Source: Synthesized from Timescale Documentation snippets found via Google Search
Based on: https://docs.timescale.com/tutorials/latest/blockchain-query/

This notebook guides you through setting up a dataset, querying it,
and optionally compressing it using TimescaleDB for Bitcoin blockchain data.

# Setup Timescale Connection

By default, this notebook installs Timescale right within the colab runtime with endpoint `"postgres://postgres:password@localhost/postgres"`. You can optionally use your own Timescale cloud instance endpoint.

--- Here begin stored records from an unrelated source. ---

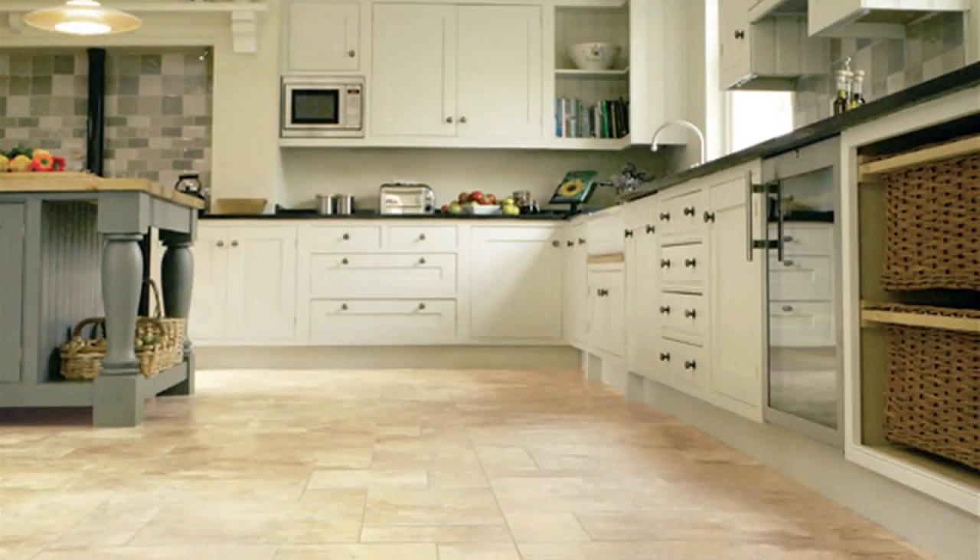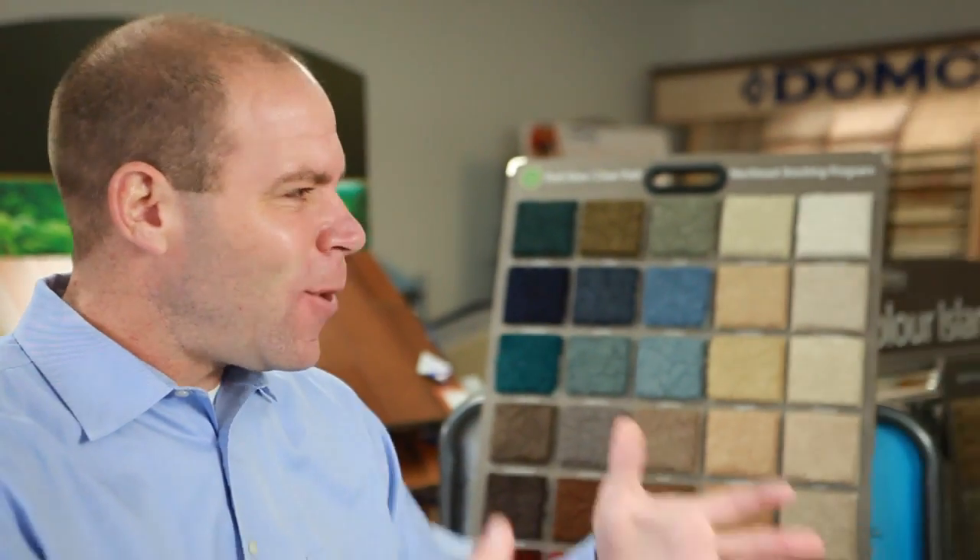The sheet vinyl today is coming back because the new sheet vinyl is coming in 13-foot wide pieces, and it looks like real stone, real marble, real granite. It's a lot cheaper than doing the real deal, but it looks like the real deal, and it's easier to clean for the homeowner. A lot of people aren't aware that these products they have today look so great.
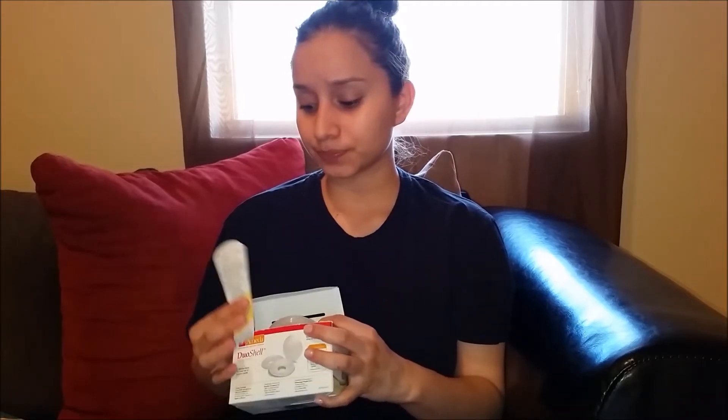My nipples did crack and they were bleeding — it hurt almost like a cut or a burn. The hospital gave me the Medela Tender Care nipple balm, which is seriously so good. I would put this on and then put the shell over to protect my nipple. I only put it on twice and after those two times I was completely pain-free and could breastfeed without any pain.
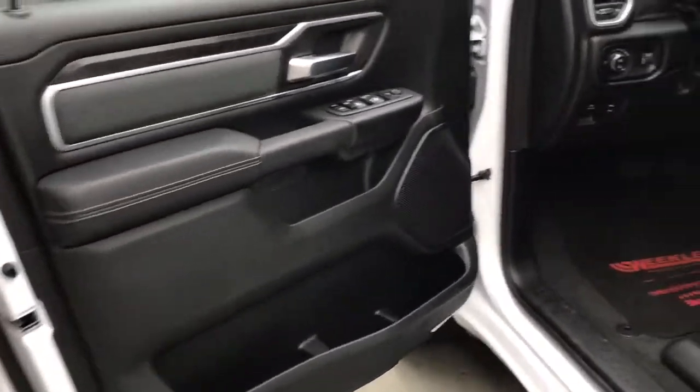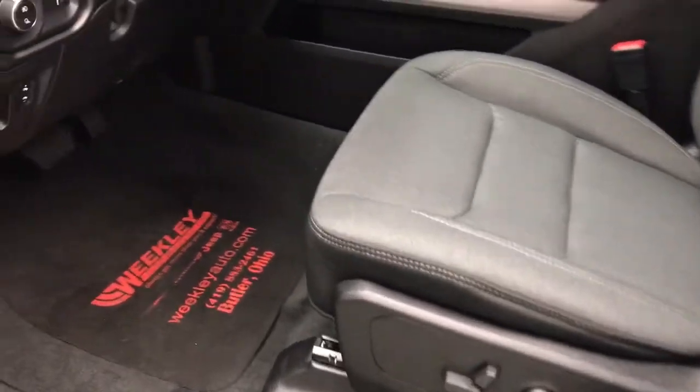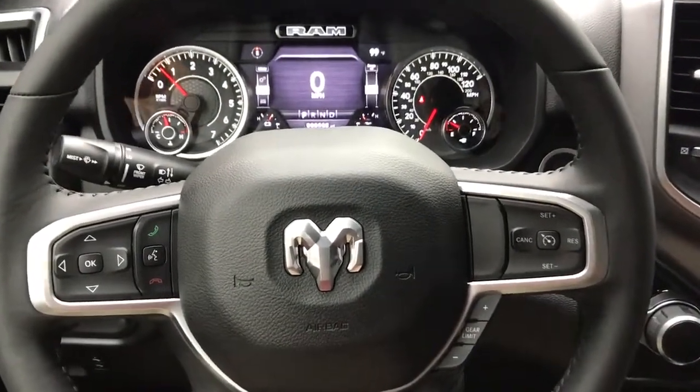The following are some of this vehicle's highlighted options: keyless entry, backup camera, fog lamps, remote engine start, four-wheel drive, keyless start, V6 cylinder engine, heated mirrors, aluminum wheels, steering wheel audio controls.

Try Timescale Cloud for free at: https://console.cloud.timescale.com/signup

In [1]:
import os
### Default connection for in-notebook Timescale ###
TS_CONNECTION="postgres://postgres:password@localhost/postgres"

### Use environment variable ###
#TS_CONNECTION = os.getenv("TS_CONNECTION", "postgres://postgres:password@localhost/postgres")

### Use your own Timescale Cloud instance ###
#TS_CONNECTION="postgres://tsdbadmin:xxxxxxx.yyyyy.tsdb.cloud.timescale.com:39966/tsdb?sslmode=require"

### Use colab secret ###
#from google.colab import userdata
#TS_CONNECTION=userdata.get('TS_CONNECTION')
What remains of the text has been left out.